For big files, it can split it the input in several chunks with the --pipe and --block arguments:
parallel --pipe --block 2M grep foo < bigfile
You could also run it on several different machines through SSH (ssh-agent needed to avoid passwords):
parallel --pipe --sshlogin server.example.com,server2.example.net grep foo < bigfile
If you're searching very large files, then setting your locale can really help.
GNU grep goes a lot faster in the C locale than with UTF-8.
export LC_ALL=C
Ripgrep claims to now be the fastest.
https://github.com/BurntSushi/ripgrep
Also includes parallelism by default
-j, --threads ARG
The number of threads to use. Defaults to the number of logical CPUs (capped at 6). [default: 0]
From the README
It is built on top of Rust's regex engine. Rust's regex engine uses
finite automata, SIMD and aggressive literal optimizations to make
searching very fast.
Apparently using --mmap can help on some systems:
http://lists.freebsd.org/pipermail/freebsd-current/2010-August/019310.html
Not strictly a code improvement but something I found helpful after running grep on 2+ million files.
I moved the operation onto a cheap SSD drive (120GB). At about $100, it's an affordable option if you are crunching lots of files regularly.
If you don't care about which files contains the string, you might want to separate reading and grepping into two jobs, since it might be costly to spawn grep many times – once for each small file.
If you've one very large file:
parallel -j100% --pipepart --block 100M -a <very large SEEKABLE file> grep <...>
Many small compressed files (sorted by inode)
ls -i | sort -n | cut -d' ' -f2 | fgrep \.gz | parallel -j80% --group "gzcat {}" | parallel -j50% --pipe --round-robin -u -N1000 grep <..>
I usually compress my files with lz4 for maximum throughput.
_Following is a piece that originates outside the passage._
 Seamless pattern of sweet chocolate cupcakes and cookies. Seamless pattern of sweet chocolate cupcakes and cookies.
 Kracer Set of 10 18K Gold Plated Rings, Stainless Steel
If you want just the filename with the match:
ls -i | sort -n | cut -d' ' -f2 | fgrep \.gz | parallel -j100% --group "gzcat {} | grep -lq <..> && echo {}
Building on the response by Sandro I looked at the reference he provided here and played around with BSD grep vs. GNU grep. My quick benchmark results showed: GNU grep is way, way faster.
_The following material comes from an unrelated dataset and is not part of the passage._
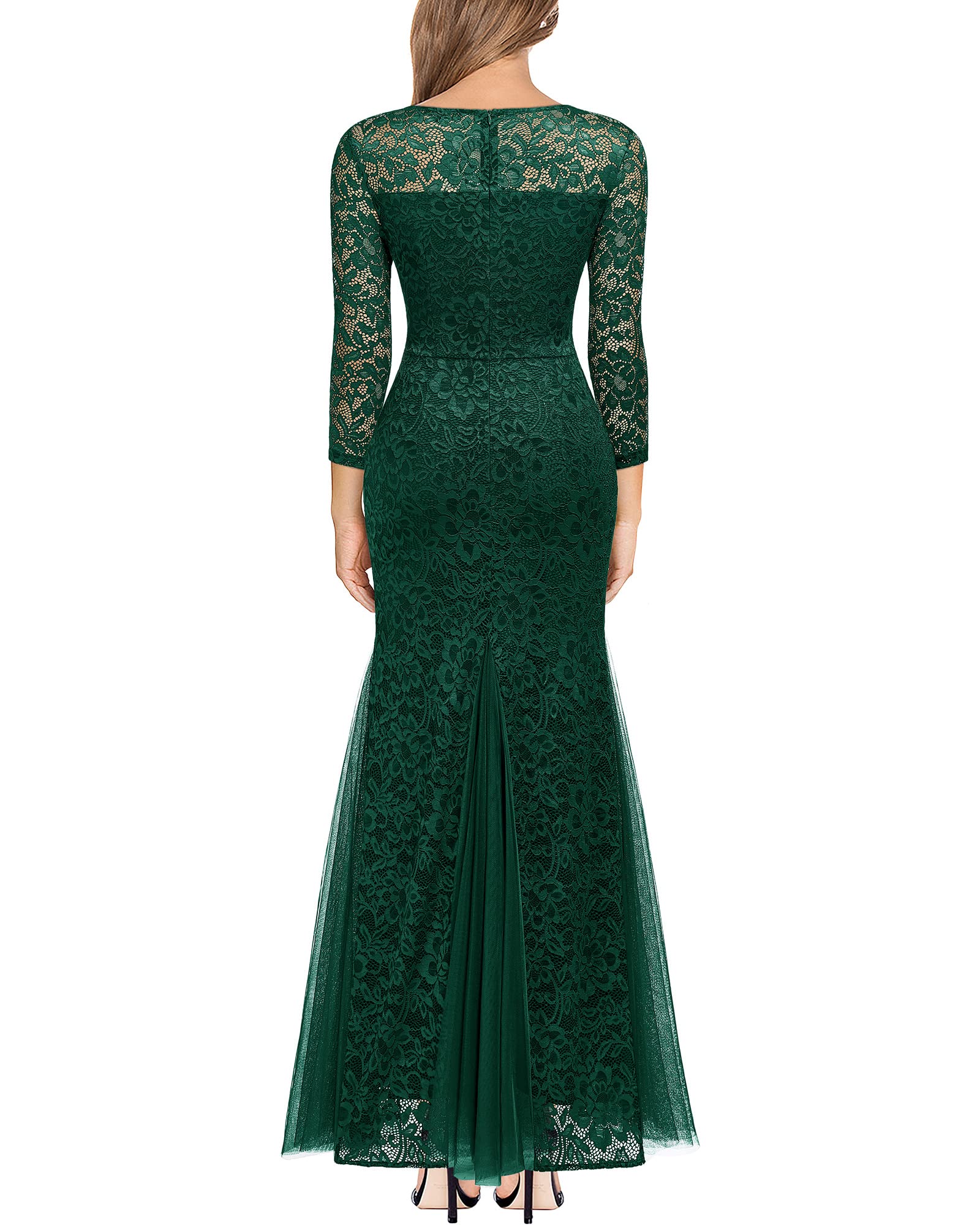 Elegant Floral Lace Mermaid Evening Gown for Women - Formal 2/3 Sleeve Maxi Dress for Prom, Wedding & Special Occasions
So my recommendation to the original question "fastest possible grep": Make sure you are using GNU grep rather than BSD grep (which is the default on MacOS for example).
I personally use the ag (silver searcher) instead of grep and it's way faster, also you can combine it with parallel and pipe block.
https://github.com/ggreer/the_silver_searcher
Update:
I now use https://github.com/BurntSushi/ripgrep which is faster than ag depending on your use case.
One thing I've found faster for using grep to search (especially for changing patterns) in a single big file is to use split + grep + xargs with it's parallel flag. For instance:
Having a file of ids you want to search for in a big file called my_ids.txt
Name of bigfile bigfile.txt
Use split to split the file into parts:
# Use split to split the file into x number of files, consider your big file
# size and try to stay under 26 split files to keep the filenames
# easy from split (xa[a-z]), in my example I have 10 million rows in bigfile
split -l 1000000 bigfile.txt
# Produces output files named xa[a-t]
# Now use split files + xargs to iterate and launch parallel greps with output
for id in $(cat my_ids.txt) ; do ls xa* | xargs -n 1 -P 20 grep $id >> matches.txt ; done
# Here you can tune your parallel greps with -P, in my case I am being greedy
# Also be aware that there's no point in allocating more greps than x files
In my case this cut what would have been a 17 hour job into a 1 hour 20 minute job. I'm sure there's some sort of bell curve here on efficiency and obviously going over the available cores won't do you any good but this was a much better solution than any of the above comments for my requirements as stated above. This has an added benefit over the script parallel in using mostly (linux) native tools.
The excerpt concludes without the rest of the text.